The current restriction is lifted and the compiler allows a static protocol requirement to be witnessed by an enum case, under the following rules:

  1. A static, get-only protocol requirement having an enum type or Self type can be witnessed by an enum case with no associated values.
  2. A static function requirement with arguments and returning an enum type or Self type can be witnessed by an enum case with associated values having the same argument list as the function's.

This means the example from the motivation section will successfully compile:

enum JSONDecodingError: DecodingError {
  case fileCorrupted // okay
  case keyNotFound(_ key: String) // okay
}

This also means the mental model of an enum case will now be more consistent with static properties/methods and an inconsistency in the language will be removed.

You will still be able to implement the requirement manually if you want and code that currently compiles today (with the manual implementation) will continue to compile. However, you will now have the option to let the case satisfy the requirement directly.

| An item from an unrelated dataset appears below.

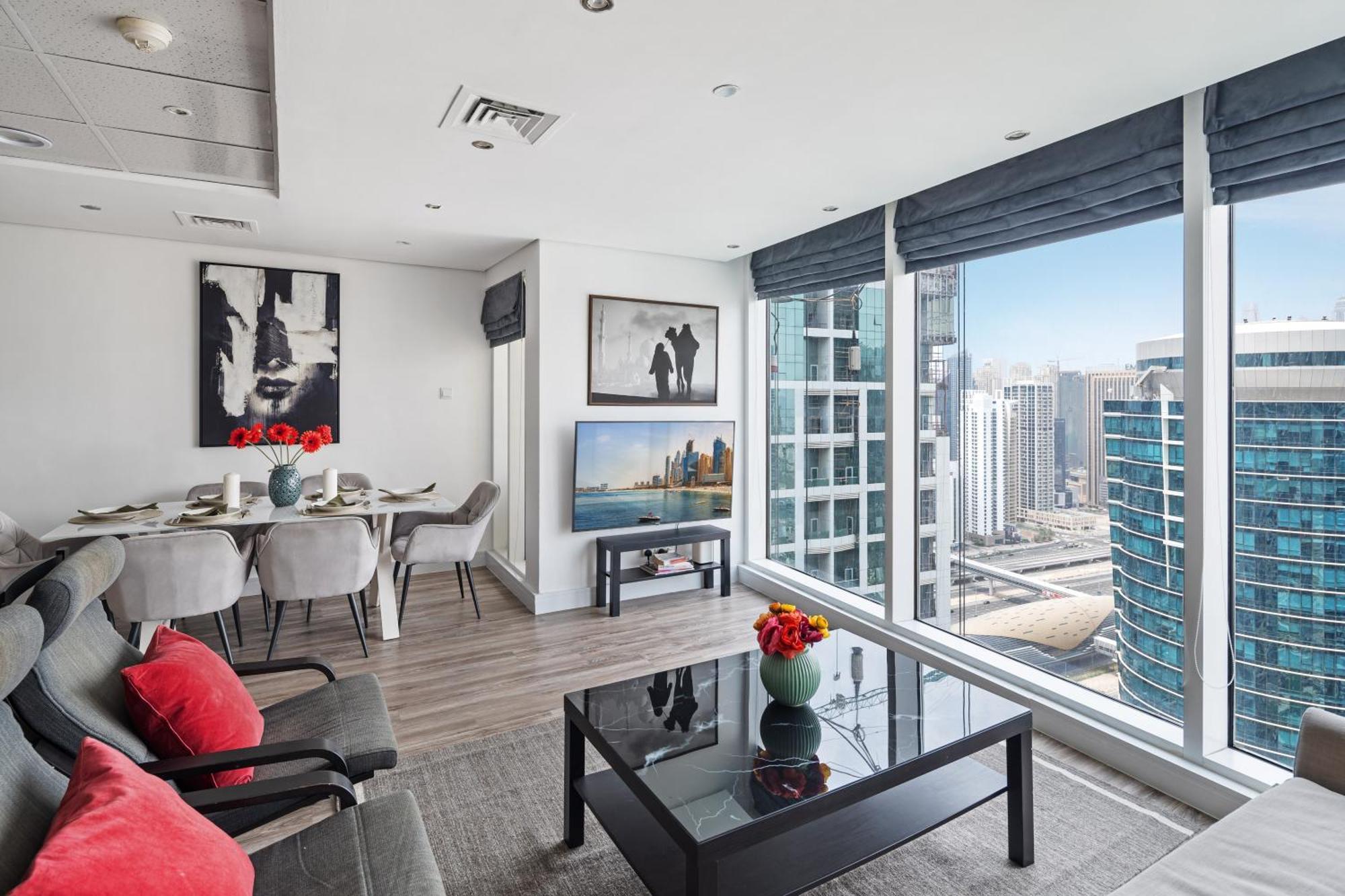 Modern & Spacious 2-Bed Condo With Panoramic Lake Views, Dual Balconies, Steps From Dubai Jlt Metro By "La Buena Vida Holiday Homes" Экстерьер фото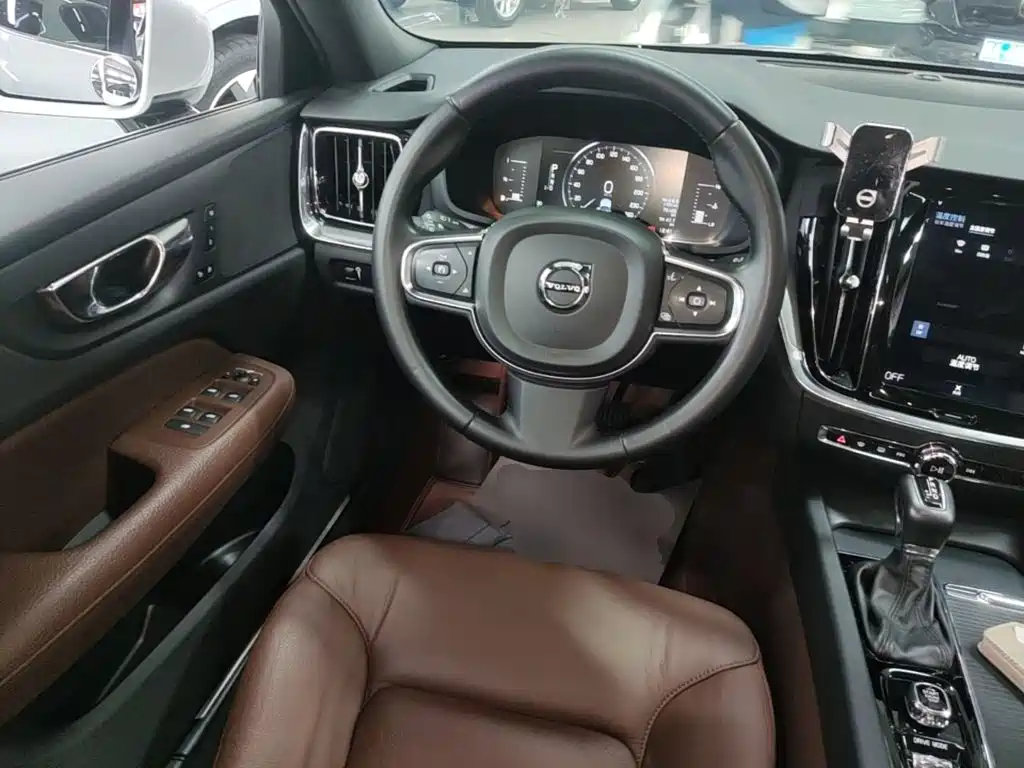 Volvo S60 — миниатюра 11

Here are a few more examples that demonstrate how cases will be matched with the requirements:

protocol Foo {
  static var zero: FooEnum { get }
  static var one: Self { get }
  static func two(arg: Int) -> FooEnum
  static func three(_ arg: Int) -> Self
  static func four(_ arg: String) -> Self
  static var five: Self { get }
  static func six(_: Int) -> Self
  static func seven(_ arg: Int) -> Self
  static func eight() -> Self
}

enum FooEnum: Foo {
  case zero // okay
  case one // okay
  case two(arg: Int) // okay
  case three(_ arg: Int) // okay
  case four(arg: String) // not a match
  case five(arg: Int) // not a match
  case six(Int) // okay
  case seven(Int) // okay
  case eight // not a match
}

The last one is intentional - there is no way to declare a case eight() today (and even when you could in the past, it actually had a different type). In this case, the requirement static func eight() can in fact be better expressed as a static var eight. In the future, this limitation may be lifted when other kinds of witness matching is considered.

Source compatibility

This does not break source compatibility since it's a strictly additive change and allows code that previously did not compile to now compile and run successfully.

Effect on ABI stability

This does not affect the ABI and does not require new runtime support.

Effect on API resilience

Switching between enum cases and static properties/methods is not a resilient change due to differences in ABI and mangling. Doing so will break binary compatibility, or source compatibility if clients are pattern matching on the cases for example.

Alternatives considered

  • Allow protocol requirements to be declared as case instead of static var or static func - the obvious downside of doing this would be that only enums would be able to adopt such a protocol, which would be unreasonably restrictive because other types like classes and structs having satisfying witnesses would no longer be able to adopt such a protocol.
  • Only allow enum cases without associated values to participate out of the box. Ones with associated values will be disallowed unless explicitly marked with a specific annotation to allow them to be used as "factories". It seems unnecessarily restrictive to impose another syntactic barrier, one which does not exist in other types. The semantics of a protocol requirement is up to the author to document and for clients to read and verify before implementing, so adding another annotation does not provide any language improvements.
  • Leave the existing behaviour as-is.

Future directions

We can allow for more kinds of witness matching, as described in the Protocol Witness Matching Manifesto, such as subtyping and default arguments.